É uma palavra bonita, mágoa. Sabe a lágrimas silenciosas, a noite de insónia, a manhãs de domingo solitárias e sem sentido. Está para lá da tristeza, da saudade, do desejo de lutar pelo que já se perdeu, da raiva de não ter o que mais se queria.
A mágoa chega, quando o cansaço já não nos deixa sentir mais nada. É silenciosa e matreira, instala-se sem darmos por ela, aloja-se no coração e começa a deixar sinais aqui e ali, dentro de nós. A pouco e pouco sentimos que já não somos a mesma pessoa. As cicatrizes podem esbater-se com os anos e serem remendadas com hábeis golpes de plástica, mas ficarão sempre debaixo dos excertos que fazemos à alma.
O cansaço mata tudo. A raiva de não termos quem tanto amámos, a fúria de não sermos donos da nossa vontade, o orgulho de termos perdido quem mais queríamos. Só não mata as saudades e a vontade de continuar a sonhar que um dia pode mudar outra vez e libertar-nos de nós mesmos e do sofrimento, tão grande quanto involuntário, tão patético quanto verdadeiro.
Às vezes, quando a mágoa é enorme e sufoca, vegetamos em silêncio para que ela não nos coma. Fingimos que está tudo bem, rimo-nos de nós próprios perante os outros e até mesmo perante o outro que vive dentro de nós. Tornamo-nos espectadores da nossa dor. Afastamo-nos de nós, do que somos, daquilo em que acreditamos. No fundo estamos a desistir como quem volta atrás porque tem medo do escuro, vencidos pela desilusão, cansados de esperar em casa que o mundo pare e se lembre de nós.
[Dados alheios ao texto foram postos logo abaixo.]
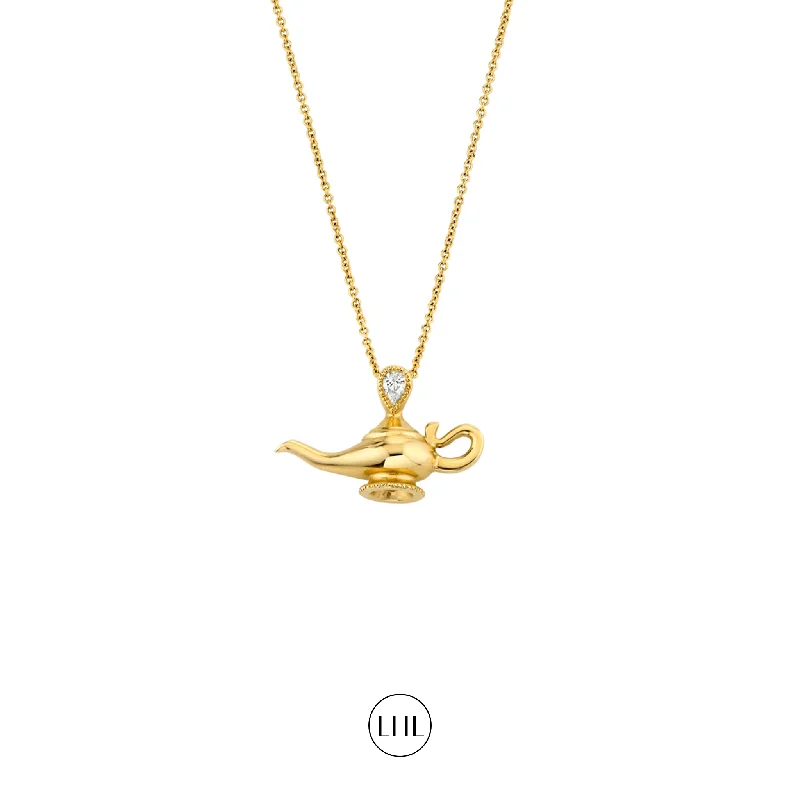 Eco-Friendly Sustainable Jewelry For Conscious Buyers Genie Lamp with Pear Diamond | Ready to Ship Eco-Friendly Sustainable Jewelry For Conscious Buyers Genie Lamp with Pear Diamond | Ready to Ship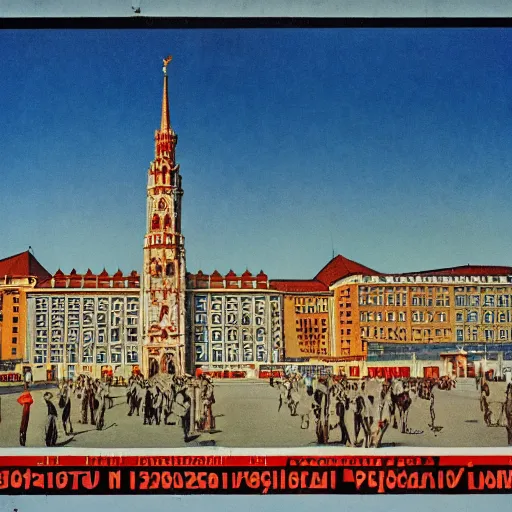 Prompt: munich city soviet era propaganda style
Mas o mundo nunca pára. Nada pára. A vida foge, os dias atropelam-se, é preciso continuar a vivê-los mesmo com dor, mesmo com mágoa. Pelo menos a mágoa, faz-nos sentir vivos. Arde no peito e no orgulho, mas pouco a pouco vai matando a dor. Torna-se a nossa companheira mais próxima, deixando de nos defender da tristeza, que se vai consumindo como uma vela esquecida num presépio morto que uma corrente de ar ou um novo sopro de vida um dia apagará. Mas isso só é possível quando conseguimos esquecer.